The combined effect of these is to vary the length of the day throughout the year. In some months, the interval between noons on successive days is slightly greater than 24 hours, while in other months it is slightly less. The differences cancel one another out over the course of a year.
In December, near the northern winter solstice, the interval between successive noons is about 30 seconds less than 24 hours. Because this difference is greater than the daily change in sunrise and sunset times, it becomes the dominant effect, causing the observed separation of the dates of earliest sunset and latest sunrise.
Fred Watson
Coonabarabran, New South Wales, Australia
The main effect of this shifting of latest sunrise to several days after the winter solstice (the shortest day of the year) is an oscillation of the time of day when the sun reaches its highest elevation. The time oscillates about noon in a sine wave with an amplitude of 8.8 minutes at latitude 45 and with a period of 6 months. At the solstices and equinoxes, highest elevation is at noon.

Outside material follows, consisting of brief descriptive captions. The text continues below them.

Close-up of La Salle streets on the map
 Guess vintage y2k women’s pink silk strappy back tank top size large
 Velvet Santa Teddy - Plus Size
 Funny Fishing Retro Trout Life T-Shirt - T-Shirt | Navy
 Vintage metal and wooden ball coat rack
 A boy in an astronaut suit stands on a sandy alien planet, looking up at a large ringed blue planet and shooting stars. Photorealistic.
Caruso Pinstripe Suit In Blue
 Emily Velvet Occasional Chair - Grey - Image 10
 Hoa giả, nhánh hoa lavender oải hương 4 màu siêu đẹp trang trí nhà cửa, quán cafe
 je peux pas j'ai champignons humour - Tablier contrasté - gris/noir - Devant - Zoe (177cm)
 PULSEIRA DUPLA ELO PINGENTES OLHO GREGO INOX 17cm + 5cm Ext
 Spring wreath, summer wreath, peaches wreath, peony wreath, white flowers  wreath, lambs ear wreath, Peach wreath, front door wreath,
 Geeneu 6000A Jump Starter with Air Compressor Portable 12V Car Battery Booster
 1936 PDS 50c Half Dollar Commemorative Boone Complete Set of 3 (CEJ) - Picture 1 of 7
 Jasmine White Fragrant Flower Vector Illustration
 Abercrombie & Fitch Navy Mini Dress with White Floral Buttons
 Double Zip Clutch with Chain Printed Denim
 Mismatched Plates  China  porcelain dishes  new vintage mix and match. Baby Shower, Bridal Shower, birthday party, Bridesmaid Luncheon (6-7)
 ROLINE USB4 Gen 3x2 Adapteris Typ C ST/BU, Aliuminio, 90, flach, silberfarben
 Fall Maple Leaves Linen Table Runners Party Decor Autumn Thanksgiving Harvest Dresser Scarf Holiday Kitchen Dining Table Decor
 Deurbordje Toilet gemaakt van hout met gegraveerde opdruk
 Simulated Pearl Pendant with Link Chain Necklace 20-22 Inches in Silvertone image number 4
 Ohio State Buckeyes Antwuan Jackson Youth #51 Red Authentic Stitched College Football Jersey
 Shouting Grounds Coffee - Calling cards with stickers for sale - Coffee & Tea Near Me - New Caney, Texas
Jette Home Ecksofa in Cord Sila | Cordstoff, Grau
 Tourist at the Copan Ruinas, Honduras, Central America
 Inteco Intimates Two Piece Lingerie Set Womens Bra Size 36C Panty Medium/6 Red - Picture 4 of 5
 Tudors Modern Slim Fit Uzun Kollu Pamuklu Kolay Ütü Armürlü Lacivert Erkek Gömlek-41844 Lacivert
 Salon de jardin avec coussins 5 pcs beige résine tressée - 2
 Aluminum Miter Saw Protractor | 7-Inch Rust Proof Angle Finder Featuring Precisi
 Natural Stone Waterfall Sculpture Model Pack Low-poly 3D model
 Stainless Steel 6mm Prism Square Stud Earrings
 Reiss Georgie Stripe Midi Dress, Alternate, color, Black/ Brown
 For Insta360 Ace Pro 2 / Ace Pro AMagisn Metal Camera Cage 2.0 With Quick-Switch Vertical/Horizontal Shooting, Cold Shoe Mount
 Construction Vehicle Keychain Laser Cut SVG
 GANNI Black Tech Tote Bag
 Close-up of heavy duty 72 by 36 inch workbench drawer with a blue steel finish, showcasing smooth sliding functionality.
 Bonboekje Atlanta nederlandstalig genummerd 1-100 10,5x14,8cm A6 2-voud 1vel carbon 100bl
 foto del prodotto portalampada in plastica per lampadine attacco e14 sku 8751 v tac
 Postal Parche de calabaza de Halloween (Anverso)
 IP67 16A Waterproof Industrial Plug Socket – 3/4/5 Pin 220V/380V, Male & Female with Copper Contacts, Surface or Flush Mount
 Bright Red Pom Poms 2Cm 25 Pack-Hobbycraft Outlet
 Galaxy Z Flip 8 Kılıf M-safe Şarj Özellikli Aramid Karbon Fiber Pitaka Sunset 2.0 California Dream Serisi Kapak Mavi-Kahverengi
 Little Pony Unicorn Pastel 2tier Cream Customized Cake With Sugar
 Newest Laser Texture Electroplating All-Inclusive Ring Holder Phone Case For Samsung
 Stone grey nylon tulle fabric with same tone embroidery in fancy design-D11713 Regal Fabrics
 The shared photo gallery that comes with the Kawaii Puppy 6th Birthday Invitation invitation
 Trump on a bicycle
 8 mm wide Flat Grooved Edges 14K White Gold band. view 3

Each day, sunrises and sunsets occur equally before and after the time of the suns highest elevation. If we call those intervals morning and afternoon, then at the winter solstice, the length of morning is at its minimum and so changes very little for a few days. But although the time of the suns highest elevation is noon at the solstice, that time gets later quite quickly and shifts the sunrise so that it falls later for a few days. After those few days, morning begins to get longer and overwhelm the 8.8-minute sine wave so we get earlier sunrises again.
Why does the time of the suns highest elevation oscillate around noon? Mainly because Earths axis is tilted with respect to its orbit around the sun. Fix a frame of reference at the centre of Earth, aligned with the axis of Earth, but rotating uniformly around that axis only once per year, not once per day. In that frame, the sun generally goes up and down by 23 degrees. But it also goes side to side a little, and this gives the oscillation in time of the suns highest elevation each day around noon.